I guess I could say is I keep all the basics on hand but sometimes you get a mac&cheese attack so its out of the box unless it a special occasion.


----------



## KitchenSally (Jul 27, 2007)

I'm 60%.  Like others, I use canned tomato products, condiments etc.  
I use dry pasta but never anything that 'makes it own sauce'.  I grow my own herbs and if I had room I'd do veggies too.


----------



## keltin (Jul 27, 2007)

jpmcgrew said:
			
		

> I make my own coctail sauce,tartar sauce just because it tastes bettter to me.


 
I LOVE good Tartar Sauce. Puh-lease share your recipe!!


----------



## ironchef (Jul 27, 2007)

I guess according to this scale I'm 60%. I'm not very good at growing things, but we have great local farms that grow everything from fresh herbs to fresh greens, and from fresh tomatoes to fresh sweet corn to fresh mushrooms. Most of these farms also participate in the local famer's markets so it's a good place to get their stuff too. I only cook at home maybe once or twice a week so I only buy enough produce for a couple of days at a time anyway. I'll be the first person to admit that I'm a food (and wine) snob. Much of that comes from working with such great products. When you taste the difference in the finished dish, it's hard to go backwards. But there are some pre-fab stuff that I do use at home regularly:

Tomatoes (for pomodoro) - Canned San Marzanos. To me, nothing makes a better pomodoro sauce than these. 
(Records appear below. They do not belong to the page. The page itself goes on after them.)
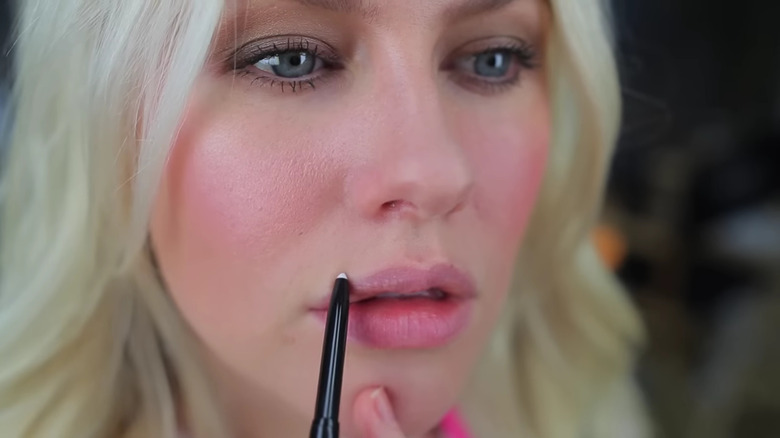 woman using clear lip liner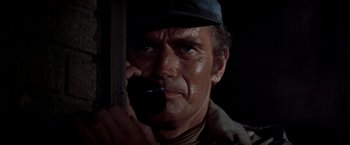Movie still from “Soylent Green” (1973), directed by Richard Fleischer – A person holding a cell phone; Close Up shot, High angle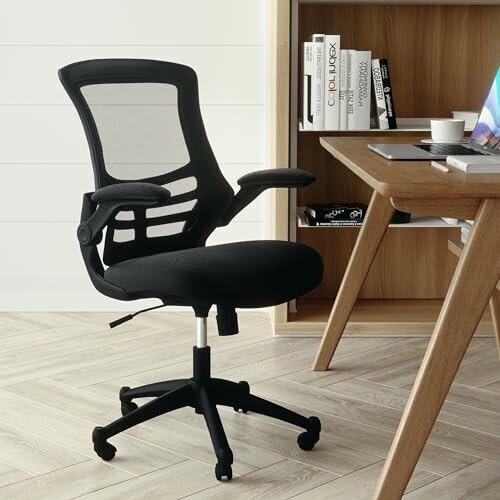 Ergonomic office chair by a desk with books and a cup.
Broths - I buy this brand of pre-made organic broths: Pacific Natural Foods | Broths. It's a nice product.

Any type of noodle - For Asian style noodles, we have a bunch of noodle factories that turn out any type of fresh noodle you like, from ramen to chow mein. For pasta, I prefer the texture of dried pasta anyway. I do make my own gnocci though. 

Breads/Desserts - I can't bake. Well I actually can, but I don't like to. I can make a foccacia, flat breads, and a couple of tortes off the top of my head but I'm not really a big dessert or bread person. I'll eat it when it's served at restaurants, but that's about it.


----------



## elaine l (Jul 27, 2007)

I always considered myself making most everything from scratch (compared to my friends) but after reading in here I am guess I am also about 60 % Although I seldom bake (not enough freedom IMO) I buy desserts when one is needed.


----------



## PytnPlace (Jul 27, 2007)

Hmmmm.   At least 75%.  I don't make my own bread cuz I'm not much of a baker.  But I buy good bread from the bakery.  Canned products = tomatoes, beans (although I do used dried more), and tuna mainly.  I use alot of dried herbs in the winter and all fresh herbs in the summer.  No convenience food like cream of whatever, rice mixes, etc.  Don't even like bags of salad mix.  It tastes like preservatives to me. 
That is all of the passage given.